• [Exercise details]:
Within the listing below, please show every line carrying the string "Blue".

• [Data to use]:
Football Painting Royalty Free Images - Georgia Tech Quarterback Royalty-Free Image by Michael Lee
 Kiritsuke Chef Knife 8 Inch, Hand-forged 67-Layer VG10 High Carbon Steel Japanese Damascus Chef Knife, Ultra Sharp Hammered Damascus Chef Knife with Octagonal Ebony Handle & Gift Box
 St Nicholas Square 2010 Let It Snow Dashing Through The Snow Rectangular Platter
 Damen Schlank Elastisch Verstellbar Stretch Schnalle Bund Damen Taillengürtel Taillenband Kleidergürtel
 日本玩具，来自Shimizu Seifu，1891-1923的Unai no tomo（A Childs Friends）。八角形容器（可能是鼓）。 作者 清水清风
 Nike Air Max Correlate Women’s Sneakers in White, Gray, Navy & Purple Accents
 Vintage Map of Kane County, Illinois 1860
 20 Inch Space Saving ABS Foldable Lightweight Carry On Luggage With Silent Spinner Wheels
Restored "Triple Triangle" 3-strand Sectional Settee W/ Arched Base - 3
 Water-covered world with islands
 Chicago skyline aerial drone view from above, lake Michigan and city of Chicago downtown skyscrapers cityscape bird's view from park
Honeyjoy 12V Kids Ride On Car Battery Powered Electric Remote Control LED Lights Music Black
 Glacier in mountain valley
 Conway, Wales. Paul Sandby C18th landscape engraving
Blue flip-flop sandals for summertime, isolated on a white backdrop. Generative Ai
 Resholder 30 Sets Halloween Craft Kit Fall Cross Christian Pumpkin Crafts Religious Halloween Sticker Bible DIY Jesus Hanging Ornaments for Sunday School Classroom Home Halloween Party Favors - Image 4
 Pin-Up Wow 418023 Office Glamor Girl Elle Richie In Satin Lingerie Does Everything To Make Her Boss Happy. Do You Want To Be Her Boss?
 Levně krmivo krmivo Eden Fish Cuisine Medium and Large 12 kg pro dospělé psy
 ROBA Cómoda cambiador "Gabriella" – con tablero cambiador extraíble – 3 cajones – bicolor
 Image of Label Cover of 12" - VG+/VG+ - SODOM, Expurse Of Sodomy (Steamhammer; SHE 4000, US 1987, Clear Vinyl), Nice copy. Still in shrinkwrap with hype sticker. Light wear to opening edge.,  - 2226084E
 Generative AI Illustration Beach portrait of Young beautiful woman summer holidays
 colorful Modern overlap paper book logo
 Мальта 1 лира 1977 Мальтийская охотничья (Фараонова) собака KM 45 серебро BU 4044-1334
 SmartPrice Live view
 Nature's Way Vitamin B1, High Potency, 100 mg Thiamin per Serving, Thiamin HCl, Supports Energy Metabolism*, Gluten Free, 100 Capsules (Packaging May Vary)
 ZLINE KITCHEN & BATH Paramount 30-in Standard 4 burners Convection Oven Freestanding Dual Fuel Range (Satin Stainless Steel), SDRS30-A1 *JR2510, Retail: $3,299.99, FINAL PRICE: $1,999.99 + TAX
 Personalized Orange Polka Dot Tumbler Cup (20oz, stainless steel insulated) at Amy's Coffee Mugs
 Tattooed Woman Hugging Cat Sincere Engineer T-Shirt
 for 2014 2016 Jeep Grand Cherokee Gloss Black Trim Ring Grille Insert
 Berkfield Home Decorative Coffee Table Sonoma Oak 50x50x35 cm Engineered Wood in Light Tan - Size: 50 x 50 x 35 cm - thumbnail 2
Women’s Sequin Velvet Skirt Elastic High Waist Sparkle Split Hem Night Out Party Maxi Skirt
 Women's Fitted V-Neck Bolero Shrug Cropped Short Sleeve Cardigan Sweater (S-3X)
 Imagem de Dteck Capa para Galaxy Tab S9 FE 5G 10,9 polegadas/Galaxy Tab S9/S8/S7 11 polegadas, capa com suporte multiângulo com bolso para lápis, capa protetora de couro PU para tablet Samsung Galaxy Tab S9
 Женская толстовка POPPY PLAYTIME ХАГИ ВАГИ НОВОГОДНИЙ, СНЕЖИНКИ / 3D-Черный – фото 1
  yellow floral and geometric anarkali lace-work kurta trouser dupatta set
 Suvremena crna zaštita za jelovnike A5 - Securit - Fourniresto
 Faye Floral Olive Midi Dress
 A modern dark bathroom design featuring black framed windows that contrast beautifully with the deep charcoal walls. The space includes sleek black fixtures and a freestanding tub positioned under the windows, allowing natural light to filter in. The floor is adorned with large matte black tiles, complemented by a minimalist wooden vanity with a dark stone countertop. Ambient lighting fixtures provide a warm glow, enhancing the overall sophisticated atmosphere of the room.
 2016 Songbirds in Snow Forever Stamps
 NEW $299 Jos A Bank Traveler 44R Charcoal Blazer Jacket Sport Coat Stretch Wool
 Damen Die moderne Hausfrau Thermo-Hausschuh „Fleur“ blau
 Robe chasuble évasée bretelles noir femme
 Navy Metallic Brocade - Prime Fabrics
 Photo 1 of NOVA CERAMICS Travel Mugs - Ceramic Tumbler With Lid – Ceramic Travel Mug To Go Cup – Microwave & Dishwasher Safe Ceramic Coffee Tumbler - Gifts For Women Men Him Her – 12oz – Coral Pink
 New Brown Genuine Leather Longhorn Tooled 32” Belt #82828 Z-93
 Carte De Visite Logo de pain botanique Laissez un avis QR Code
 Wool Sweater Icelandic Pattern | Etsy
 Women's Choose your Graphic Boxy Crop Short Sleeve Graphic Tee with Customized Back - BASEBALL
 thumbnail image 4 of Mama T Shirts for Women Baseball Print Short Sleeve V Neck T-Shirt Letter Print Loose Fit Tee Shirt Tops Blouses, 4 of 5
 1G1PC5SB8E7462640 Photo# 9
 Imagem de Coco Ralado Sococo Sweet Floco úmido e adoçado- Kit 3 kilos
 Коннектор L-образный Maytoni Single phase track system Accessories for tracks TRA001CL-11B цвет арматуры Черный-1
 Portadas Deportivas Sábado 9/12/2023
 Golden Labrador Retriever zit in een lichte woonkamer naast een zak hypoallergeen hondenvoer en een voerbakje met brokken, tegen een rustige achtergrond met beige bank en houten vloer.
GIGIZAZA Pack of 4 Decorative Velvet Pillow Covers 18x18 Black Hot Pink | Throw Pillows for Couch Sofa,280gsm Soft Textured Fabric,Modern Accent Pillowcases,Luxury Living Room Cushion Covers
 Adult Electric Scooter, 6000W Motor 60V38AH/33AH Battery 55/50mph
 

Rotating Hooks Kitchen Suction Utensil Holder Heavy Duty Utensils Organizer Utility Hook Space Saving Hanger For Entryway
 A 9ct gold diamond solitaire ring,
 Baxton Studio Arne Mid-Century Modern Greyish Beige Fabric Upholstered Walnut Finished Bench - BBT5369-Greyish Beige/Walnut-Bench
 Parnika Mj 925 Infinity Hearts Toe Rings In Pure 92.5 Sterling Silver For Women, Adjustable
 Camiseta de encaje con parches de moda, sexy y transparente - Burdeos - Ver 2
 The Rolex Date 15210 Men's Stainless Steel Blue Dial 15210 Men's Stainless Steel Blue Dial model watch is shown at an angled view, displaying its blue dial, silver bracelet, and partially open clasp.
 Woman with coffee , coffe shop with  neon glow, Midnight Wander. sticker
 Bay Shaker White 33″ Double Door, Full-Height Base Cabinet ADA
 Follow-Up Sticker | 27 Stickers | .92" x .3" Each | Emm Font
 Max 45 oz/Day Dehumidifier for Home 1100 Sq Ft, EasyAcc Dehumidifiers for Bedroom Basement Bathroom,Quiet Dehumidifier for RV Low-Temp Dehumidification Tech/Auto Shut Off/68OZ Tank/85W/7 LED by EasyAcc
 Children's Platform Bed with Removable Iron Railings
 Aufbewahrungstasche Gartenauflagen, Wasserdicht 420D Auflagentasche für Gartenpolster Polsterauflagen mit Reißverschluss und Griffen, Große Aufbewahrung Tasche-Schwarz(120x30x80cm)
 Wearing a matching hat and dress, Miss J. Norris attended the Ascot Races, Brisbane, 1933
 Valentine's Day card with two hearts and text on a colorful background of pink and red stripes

• [Answer to the exercise]:
Blue flip-flop sandals for summertime, isolated on a white backdrop. Generative Ai
 The Rolex Date 15210 Men's Stainless Steel Blue Dial 15210 Men's Stainless Steel Blue Dial model watch is shown at an angled view, displaying its blue dial, silver bracelet, and partially open clasp.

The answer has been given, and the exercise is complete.